本発明は、複数の演算装置を備えたプロセッサ等に関し、特に、演算を各演算装置に配分可能なプロセッサ、電子制御ユニット及び負荷分散方法に関する。
車両の特徴の1つとしてグレード間の仕様差が大きいことが挙げられる。例えば、エンジンの気筒数、排気量、出力、サスペンションの種類、運転支援のための画像処理の種類、エアバッグの数等は、車両のグレードによって異なることが少なくない。これら種々の車載装置はマイコンを備えたECU(電子制御ユニット)により電子制御されるようになっているが、車両によって仕様差があることは、マイコンに必要な演算能力も異なることを意味する。すなわち、エンジンの気筒毎に制御量を決定する演算であれば、気筒の数だけ演算が必要になるので、マイコンに要求される演算能力も気筒数によって変わってくる。画像処理についても同様に、撮影した画像に施す画像処理の種類が多くなればマイコンに要求される演算能力も高くなる。

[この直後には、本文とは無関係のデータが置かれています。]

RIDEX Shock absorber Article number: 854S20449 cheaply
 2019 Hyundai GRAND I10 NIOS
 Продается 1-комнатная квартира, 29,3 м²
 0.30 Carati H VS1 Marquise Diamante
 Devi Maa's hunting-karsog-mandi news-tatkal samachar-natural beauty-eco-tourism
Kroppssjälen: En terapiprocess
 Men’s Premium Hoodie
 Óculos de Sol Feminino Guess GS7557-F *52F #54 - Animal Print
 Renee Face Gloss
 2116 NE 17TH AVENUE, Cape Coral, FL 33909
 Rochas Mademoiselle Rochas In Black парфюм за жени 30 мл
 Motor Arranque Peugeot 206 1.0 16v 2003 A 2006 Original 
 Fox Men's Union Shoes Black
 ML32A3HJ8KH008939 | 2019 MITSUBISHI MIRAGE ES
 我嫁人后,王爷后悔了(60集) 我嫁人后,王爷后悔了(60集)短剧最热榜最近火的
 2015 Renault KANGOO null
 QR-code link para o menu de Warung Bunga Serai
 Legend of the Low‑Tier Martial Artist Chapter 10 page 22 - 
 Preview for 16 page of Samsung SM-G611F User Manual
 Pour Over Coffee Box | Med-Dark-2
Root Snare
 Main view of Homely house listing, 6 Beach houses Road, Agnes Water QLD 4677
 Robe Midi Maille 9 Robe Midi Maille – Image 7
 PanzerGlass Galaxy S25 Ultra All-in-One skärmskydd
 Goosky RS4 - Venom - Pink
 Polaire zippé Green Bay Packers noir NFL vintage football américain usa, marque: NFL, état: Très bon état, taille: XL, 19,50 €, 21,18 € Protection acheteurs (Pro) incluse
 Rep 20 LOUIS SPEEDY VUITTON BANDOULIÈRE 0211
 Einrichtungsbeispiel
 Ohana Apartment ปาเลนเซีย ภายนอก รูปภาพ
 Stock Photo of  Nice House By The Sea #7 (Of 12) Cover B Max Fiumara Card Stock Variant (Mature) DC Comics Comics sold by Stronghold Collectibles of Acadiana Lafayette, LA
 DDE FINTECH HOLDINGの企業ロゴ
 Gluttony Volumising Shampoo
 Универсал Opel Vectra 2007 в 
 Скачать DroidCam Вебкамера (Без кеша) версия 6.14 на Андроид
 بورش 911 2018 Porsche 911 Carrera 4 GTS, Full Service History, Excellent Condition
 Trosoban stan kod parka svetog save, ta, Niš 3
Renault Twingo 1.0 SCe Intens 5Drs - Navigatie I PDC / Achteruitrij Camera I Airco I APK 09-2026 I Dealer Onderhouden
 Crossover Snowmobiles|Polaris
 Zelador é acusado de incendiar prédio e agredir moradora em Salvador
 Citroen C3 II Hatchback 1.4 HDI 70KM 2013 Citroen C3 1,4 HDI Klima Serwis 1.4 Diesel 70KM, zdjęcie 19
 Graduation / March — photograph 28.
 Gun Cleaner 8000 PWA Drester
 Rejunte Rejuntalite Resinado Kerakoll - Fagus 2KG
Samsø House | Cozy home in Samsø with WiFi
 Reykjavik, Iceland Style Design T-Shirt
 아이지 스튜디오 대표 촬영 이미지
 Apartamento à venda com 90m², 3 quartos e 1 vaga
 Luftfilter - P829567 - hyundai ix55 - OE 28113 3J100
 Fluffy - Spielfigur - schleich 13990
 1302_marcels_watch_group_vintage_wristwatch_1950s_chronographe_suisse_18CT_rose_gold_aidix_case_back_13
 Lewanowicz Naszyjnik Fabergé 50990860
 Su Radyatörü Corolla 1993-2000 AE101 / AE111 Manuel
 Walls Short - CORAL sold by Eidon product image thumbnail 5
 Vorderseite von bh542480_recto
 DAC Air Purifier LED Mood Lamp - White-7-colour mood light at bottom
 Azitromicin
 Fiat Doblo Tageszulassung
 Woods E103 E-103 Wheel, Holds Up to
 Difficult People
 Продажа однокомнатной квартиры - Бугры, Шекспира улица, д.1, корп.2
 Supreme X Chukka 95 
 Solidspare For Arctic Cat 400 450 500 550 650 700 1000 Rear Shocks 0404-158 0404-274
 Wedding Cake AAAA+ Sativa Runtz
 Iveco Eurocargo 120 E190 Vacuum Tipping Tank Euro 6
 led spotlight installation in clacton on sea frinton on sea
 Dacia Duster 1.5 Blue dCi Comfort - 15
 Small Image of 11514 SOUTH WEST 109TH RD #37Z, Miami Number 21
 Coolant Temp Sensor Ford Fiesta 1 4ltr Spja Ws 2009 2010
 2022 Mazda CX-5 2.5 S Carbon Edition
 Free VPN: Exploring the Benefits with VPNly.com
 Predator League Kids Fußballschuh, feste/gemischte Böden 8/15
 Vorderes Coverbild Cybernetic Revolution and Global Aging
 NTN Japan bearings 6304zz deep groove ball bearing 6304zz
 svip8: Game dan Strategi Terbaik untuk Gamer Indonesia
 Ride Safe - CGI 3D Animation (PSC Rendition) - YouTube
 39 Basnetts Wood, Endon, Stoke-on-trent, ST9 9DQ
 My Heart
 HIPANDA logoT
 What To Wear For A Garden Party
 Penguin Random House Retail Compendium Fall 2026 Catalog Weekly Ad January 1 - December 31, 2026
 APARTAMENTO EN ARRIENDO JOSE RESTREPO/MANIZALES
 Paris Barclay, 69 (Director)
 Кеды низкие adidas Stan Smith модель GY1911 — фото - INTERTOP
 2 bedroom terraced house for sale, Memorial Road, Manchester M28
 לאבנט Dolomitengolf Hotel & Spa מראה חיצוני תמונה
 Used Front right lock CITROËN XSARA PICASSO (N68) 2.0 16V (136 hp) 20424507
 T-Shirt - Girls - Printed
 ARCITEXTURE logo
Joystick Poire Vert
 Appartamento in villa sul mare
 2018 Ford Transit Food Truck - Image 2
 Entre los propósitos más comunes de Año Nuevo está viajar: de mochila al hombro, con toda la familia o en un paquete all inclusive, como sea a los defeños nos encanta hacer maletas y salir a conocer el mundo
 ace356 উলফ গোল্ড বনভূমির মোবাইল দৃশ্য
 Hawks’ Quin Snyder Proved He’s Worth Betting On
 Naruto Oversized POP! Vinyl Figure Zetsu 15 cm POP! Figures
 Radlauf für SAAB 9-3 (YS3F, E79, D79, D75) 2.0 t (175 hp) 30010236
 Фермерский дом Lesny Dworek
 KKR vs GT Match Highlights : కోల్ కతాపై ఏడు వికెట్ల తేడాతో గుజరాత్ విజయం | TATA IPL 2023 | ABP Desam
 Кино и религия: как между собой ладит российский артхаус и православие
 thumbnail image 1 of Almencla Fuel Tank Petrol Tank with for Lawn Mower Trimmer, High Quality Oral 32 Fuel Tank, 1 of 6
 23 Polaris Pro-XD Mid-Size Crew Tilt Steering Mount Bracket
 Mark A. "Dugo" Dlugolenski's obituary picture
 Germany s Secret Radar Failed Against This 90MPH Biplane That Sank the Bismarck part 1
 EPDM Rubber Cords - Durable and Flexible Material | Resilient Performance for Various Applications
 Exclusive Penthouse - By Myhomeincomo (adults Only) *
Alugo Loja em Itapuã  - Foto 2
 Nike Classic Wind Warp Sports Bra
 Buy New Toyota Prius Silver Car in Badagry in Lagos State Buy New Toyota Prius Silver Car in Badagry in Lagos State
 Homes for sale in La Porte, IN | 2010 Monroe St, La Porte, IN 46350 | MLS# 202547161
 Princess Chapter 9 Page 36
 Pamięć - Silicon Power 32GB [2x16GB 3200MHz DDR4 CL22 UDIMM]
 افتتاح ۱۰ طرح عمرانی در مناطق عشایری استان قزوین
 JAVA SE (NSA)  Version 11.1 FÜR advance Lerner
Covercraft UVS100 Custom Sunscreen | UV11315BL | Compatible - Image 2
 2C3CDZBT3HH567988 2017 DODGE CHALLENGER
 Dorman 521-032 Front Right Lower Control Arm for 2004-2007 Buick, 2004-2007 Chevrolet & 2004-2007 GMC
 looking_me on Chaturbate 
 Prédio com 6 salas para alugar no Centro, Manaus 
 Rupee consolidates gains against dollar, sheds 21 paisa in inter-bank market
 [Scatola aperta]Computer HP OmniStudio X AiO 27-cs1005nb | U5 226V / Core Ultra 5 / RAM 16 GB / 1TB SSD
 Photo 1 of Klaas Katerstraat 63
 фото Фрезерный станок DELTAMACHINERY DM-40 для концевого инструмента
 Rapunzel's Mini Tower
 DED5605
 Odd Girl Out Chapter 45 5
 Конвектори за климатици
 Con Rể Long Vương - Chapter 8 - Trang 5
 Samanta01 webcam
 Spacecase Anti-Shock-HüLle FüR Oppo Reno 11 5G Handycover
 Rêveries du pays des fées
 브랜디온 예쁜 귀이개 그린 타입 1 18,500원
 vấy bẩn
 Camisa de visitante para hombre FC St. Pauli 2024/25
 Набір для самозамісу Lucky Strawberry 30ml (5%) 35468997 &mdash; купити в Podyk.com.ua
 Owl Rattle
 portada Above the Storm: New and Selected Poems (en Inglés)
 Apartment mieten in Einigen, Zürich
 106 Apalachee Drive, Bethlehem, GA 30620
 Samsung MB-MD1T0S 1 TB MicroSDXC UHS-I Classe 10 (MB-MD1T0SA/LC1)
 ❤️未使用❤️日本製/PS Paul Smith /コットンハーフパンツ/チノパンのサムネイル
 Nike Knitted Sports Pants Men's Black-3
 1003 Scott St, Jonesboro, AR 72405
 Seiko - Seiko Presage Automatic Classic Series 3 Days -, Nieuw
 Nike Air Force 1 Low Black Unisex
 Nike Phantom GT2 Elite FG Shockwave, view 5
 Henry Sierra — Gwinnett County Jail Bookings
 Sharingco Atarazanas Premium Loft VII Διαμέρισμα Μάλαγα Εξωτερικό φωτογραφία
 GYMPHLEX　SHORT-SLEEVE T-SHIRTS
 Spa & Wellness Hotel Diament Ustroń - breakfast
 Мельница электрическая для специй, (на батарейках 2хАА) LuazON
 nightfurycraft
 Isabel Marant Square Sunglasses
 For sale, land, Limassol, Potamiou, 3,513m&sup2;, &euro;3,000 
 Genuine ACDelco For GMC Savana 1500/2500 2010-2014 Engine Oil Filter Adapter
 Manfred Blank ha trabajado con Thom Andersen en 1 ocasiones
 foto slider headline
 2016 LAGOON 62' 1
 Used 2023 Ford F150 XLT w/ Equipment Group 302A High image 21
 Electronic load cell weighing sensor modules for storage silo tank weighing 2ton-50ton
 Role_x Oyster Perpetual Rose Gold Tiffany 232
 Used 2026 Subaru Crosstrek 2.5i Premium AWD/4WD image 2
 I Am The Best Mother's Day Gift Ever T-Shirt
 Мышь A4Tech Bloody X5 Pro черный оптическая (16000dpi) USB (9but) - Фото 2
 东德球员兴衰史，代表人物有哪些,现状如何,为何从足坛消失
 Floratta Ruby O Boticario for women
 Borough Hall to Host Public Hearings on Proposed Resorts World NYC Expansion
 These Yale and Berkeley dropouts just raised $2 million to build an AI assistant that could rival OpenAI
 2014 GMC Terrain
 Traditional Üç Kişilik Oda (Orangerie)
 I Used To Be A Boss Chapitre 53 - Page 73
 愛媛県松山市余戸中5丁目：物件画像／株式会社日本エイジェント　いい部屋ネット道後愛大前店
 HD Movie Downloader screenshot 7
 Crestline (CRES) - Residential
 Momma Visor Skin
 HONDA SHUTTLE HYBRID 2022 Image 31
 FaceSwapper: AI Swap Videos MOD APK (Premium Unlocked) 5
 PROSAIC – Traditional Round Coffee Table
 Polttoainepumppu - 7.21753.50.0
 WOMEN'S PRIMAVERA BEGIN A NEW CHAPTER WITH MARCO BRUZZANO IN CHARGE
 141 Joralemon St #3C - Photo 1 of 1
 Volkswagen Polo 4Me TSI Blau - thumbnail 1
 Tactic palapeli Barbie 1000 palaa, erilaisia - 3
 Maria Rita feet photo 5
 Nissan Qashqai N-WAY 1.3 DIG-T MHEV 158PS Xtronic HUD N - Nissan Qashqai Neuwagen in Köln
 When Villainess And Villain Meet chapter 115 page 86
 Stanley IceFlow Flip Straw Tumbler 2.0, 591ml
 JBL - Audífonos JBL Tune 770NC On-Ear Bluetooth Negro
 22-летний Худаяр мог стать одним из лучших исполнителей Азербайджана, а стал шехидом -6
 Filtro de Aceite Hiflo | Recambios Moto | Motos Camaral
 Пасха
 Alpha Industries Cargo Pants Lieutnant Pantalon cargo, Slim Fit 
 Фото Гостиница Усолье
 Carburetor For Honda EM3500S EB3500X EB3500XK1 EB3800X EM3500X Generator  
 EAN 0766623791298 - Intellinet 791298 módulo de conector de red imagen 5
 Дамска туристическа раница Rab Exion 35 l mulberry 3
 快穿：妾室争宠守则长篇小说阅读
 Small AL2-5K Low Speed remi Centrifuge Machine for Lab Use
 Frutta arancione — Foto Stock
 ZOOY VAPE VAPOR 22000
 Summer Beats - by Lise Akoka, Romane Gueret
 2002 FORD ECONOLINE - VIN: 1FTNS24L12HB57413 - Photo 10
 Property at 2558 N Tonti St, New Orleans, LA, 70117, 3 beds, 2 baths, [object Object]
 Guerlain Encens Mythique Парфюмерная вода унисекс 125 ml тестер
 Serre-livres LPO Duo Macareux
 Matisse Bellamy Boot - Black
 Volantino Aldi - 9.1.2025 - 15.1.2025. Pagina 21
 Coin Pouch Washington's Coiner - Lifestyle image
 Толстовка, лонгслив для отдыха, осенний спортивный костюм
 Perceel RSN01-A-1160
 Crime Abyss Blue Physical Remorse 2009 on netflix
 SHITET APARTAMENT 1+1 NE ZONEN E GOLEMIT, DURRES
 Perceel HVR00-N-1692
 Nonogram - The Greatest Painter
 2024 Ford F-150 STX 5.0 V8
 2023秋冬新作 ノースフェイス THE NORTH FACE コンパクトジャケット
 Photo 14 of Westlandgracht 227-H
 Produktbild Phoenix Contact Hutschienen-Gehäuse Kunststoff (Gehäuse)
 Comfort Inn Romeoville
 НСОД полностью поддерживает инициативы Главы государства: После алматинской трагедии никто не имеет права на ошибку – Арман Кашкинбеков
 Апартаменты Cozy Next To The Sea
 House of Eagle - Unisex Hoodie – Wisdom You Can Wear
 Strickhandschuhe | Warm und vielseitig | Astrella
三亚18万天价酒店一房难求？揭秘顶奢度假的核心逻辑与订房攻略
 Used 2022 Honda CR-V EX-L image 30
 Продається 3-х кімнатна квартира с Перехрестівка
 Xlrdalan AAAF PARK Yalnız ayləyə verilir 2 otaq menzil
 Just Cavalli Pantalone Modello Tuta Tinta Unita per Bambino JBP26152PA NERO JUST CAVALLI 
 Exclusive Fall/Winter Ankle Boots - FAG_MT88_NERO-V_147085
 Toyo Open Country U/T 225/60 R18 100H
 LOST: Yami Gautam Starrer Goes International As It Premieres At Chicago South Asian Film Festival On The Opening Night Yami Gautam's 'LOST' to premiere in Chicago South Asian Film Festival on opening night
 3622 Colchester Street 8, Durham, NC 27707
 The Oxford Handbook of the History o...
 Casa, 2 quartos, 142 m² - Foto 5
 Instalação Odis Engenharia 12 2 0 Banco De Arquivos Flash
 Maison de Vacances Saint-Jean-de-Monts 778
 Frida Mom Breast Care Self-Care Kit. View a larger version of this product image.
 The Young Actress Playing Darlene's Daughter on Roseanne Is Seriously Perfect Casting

従来、マイコンの演算能力を効率的に利用する技術が考えられている(例えば、特許文献1参照。)。特許文献1には、SIMD型演算処理手段と、逐次型演算処理手段とを有し、画像処理アルゴリズムに応じて異なるアーキテクチャによる演算処理手段をSIMD演算処理手段と逐次型演算処理手段とで使い分ける画像処理装置が開示されている。
特開2001−092946号公報
しかしながら、特許文献1に記載の画像処理装置は、複数のSIMD型演算処理手段と逐次型演算処理手段とを組み合わせて演算時間の短縮を図るものであり、SIMD型演算処理手段が1つしか搭載できないようなマイコンでは効果的に作用しない。換言すれば、画像処理の種類と演算処理手段の関係が固定であり、SIMD型演算処理手段に適した画像処理を、逐次型演算処理手段にて演算することは考えられていない。このため、演算時間の短縮には限界があるという問題がある。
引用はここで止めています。